第230回 意匠学会研究例会 発表要旨

■ 現代における銘木の存在とその意義
岡田(泊里)涼子/武庫川女子大学 生活環境学専攻博士課程

 日本では、古来より木を素材とした造形物が多く、その加工技術と共に、質や意匠による使い分けの知識が専門家や職人の内で継承されている。本研究では、その木材の中でも、銘木と呼ばれる木材に着目する。

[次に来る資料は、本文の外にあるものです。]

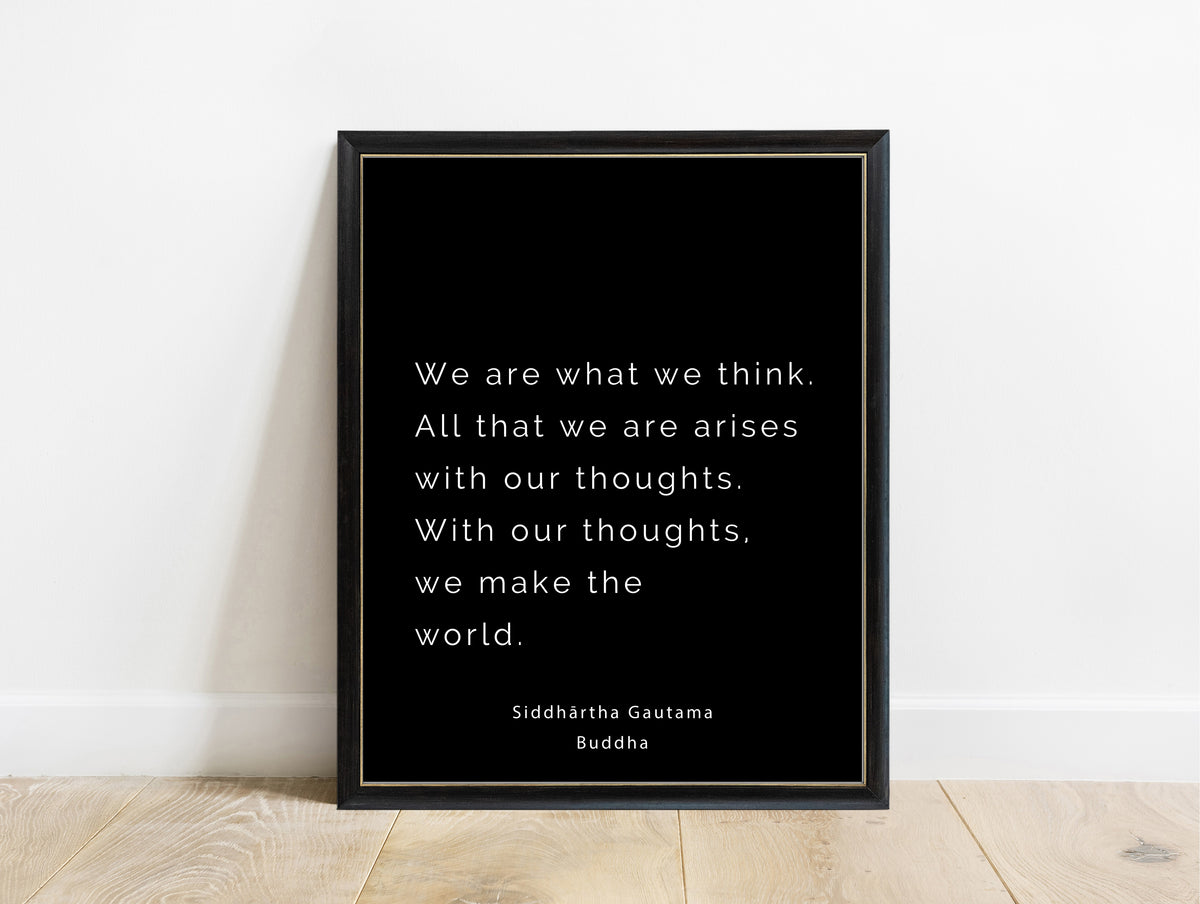 Buddha we are what we think typewriter quote print in a black frame, black background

 銘木は、古くは正倉院宝物の中の木工芸品において使用されており、和建築の床の間や装飾性の高い木工芸品など、非日常的な造形物の素材として認識されてきた。しかしながら、個体差の著しい木材の性質上、銘木の条件や定義は不明瞭な点が多く、銘木商と呼ばれる専門家の間においても定まっていない。
 本発表では、こうした銘木の特徴を示し分析することにより、定義の明確化を試みる。これまでの木材に関する先行文献などから、銘木に関する記述を探り検証する。そして次に、銘木の条件として視覚的に認識が明瞭である杢に着目し、その名称や文様の種類、実作品での使用例を紹介する。また、銘木商、木工家、木工芸家などに対して行った木材・銘木に関するアンケート調査とインタビューの結果や、自身の木工家としての経験をふまえ、銘木をめぐる状況を把握し述べる。

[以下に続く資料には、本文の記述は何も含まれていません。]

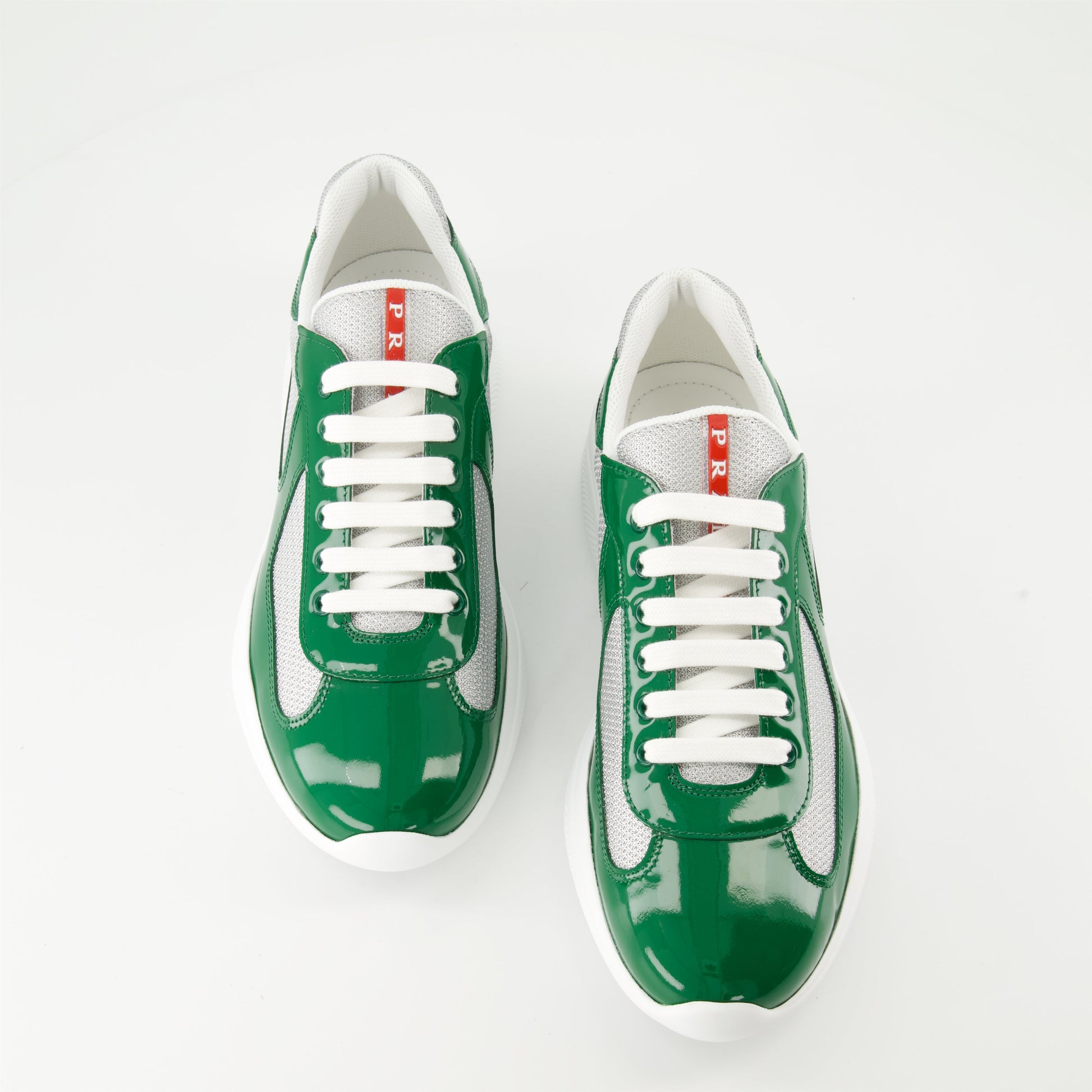 Prada sneakers, patent leather shoes, bicolor design sneakers, luxury men's footwear, Autumn-Winter 2024 collection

 自然の産物である銘木は、現代の環境変化の影響を強く受けている。また、人々の木材に対する意識の変化もあり、日本における銘木の需要は大幅に縮小しているといえるだろう。そのような状況の中で、銘木の存在とその意義を探ることによって、これからの人とモノの在り方を探ることにつながると考える。


■ 再編される〈花鳥〉〈山水〉の図像学
―「十長生図」「海鶴蟠桃図」を中心に―
井戸美里/京都工芸繊維大学

 東アジアの美術において〈花鳥〉や〈山水〉のモティーフは、図像の持つ吉祥性から広く受容されたジャンルである。東アジアの地域に普遍的なジャンルといえる花鳥画は、中国絵画の影響を受けながら日本においても広く描かれてきた。同時に、日本製の〈花鳥〉の金屏風は、中国・朝鮮への貴重な贈答品や貿易品として古くから制作されていたことが先行研究でも指摘されている。朝鮮においても〈花鳥〉の屏風は、中国、沖縄、日本へと贈られていたことが知られており、花鳥画は、東アジアにおける交流という視点からその様式の伝播や展開、受容の場について再考する必要がある。

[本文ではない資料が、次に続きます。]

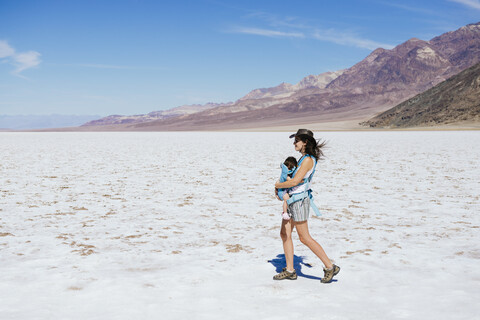 USA, California, Death Valley National Park, Badwater Basin, mother walking with baby girl in salt basin stock photo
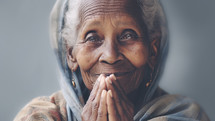 Portrait of Indian African aged smiling woman with a headscarf looking in camera.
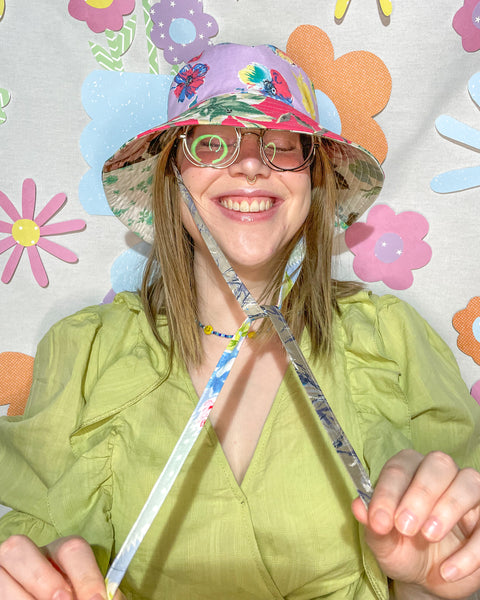 Young woman wearing the fantastic floral mismatched bucket hat, smiling and tying the drawstring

 本発表では、こうした〈花鳥〉〈山水〉の図像的交流のなかから生み出されたと考えられる、19世紀から20世紀初頭に朝鮮半島の宮廷において享受された屏風絵や襖絵に光を当てたい。日朝貿易や朝鮮通信使などの交流を通して、朝鮮時代の宮中においは、〈花鳥〉を描く日本の金屏風が重宝されていたと考えられ、伝金弘道の「金鶏図屏風」(三星美術館 Leeum所蔵)のような「和様」の屏風が現存していることも示唆に富む。さらに、韓国における近年の研究においても、宮廷絵画の作品における日本の金屏風の影響について論じたものは少なくない。一方で、この時期、日本人画家が朝鮮半島において宮中の障壁画制作に携わり、それらの作品の多くが〈花鳥〉〈山水〉であったこと、さらにそうした作例が当時の朝鮮美術の伝統とどのような関わりを持っているのか、ということはほとんど考察されていない。それゆえ、朝鮮美術のなかでも特に吉祥性が高く宮廷で古くから享受されてきた「十長生図」について、東アジアにおける図像的交流の文脈から分析を行う。〈花鳥〉や〈山水〉などの東アジアに伝統的なモティーフが、この時期、再編成されて新たな作品が生み出されていく過程を、日本から朝鮮に渡った天草神来や益頭峻南などの作品との比較を通して明らかにしたい。